Mais « combien de Français sont pris au dépourvu ? » Demandez-moi Leoty.

Rien ne semble ébranler le groupe, qui a vu l’expert des télécoms (Altice, SFR) Alain Weill rejoindre le conseil d’administration fin novembre.

Cependant, peu après l’opération criminelle, la DGCCRF a ouvert une nouvelle enquête, les signalements continuent d’affluer.

« Tant mieux pour la DGCCRF de procéder à des contrôles », assure Sadri Fegaier. Son bras droit Jean-Pierre Galera ajoute à cela en disant que c’est le cas de « toutes les grandes entreprises qui font de très, très gros volumes ».

La DGCCRF indique que sa deuxième enquête « a mis au jour des pratiques consistant à tromper les consommateurs qui souhaitent arrêter les prélèvements, résilier leurs abonnements et se faire rembourser les sommes prélevées après la résiliation de leur contrat, que leurs demandes étaient prises en compte voire effectives ».

La DGCCRF a transmis le dossier à l’autorité judiciaire, et le parquet de Paris a annoncé fin août que plusieurs sociétés du groupe et le PDG comparaîtraient pour « pratiques commerciales trompeuses » devant le tribunal correctionnel de Paris. Une date d’audience n’a pas encore été fixée.
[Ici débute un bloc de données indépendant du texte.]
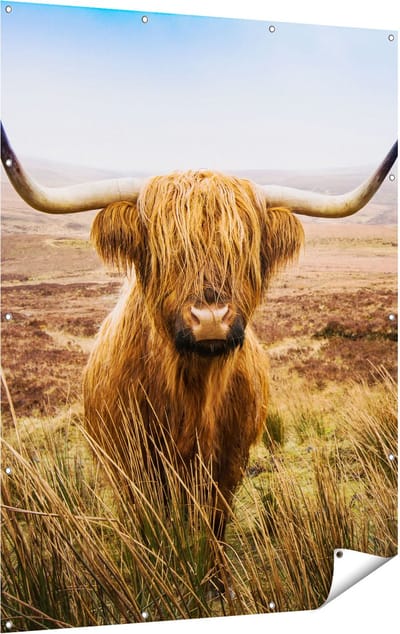 Gards Tuinposter Schotse Hooglander Koe in het Veld - 120x160 cm - Tuindoek - Tuindecoratie - Wanddecoratie buiten - Tuinschilderij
Sadri Fegaier affirme ne pas avoir (encore) été cité à comparaître. « Le but aujourd’hui, c’est justement que l’affaire fasse beaucoup de bruit, qu’il y ait beaucoup d’articles et de médias à ce sujet, je vous dis qu’il ne faut pas en faire tout un plat », a-t-il déclaré. – Je suis très calme.

Selon des sources correspondantes, il y a tellement de parties civiles au procès que le choix de la date d’audience a été reporté jusqu’à ce que tout soit enregistré.

Sadri Fegaier ne bronche pas : « vous savez, on aura toujours des critiques, mais la seule chose qui pourra y répondre, c’est de durer dans le temps ».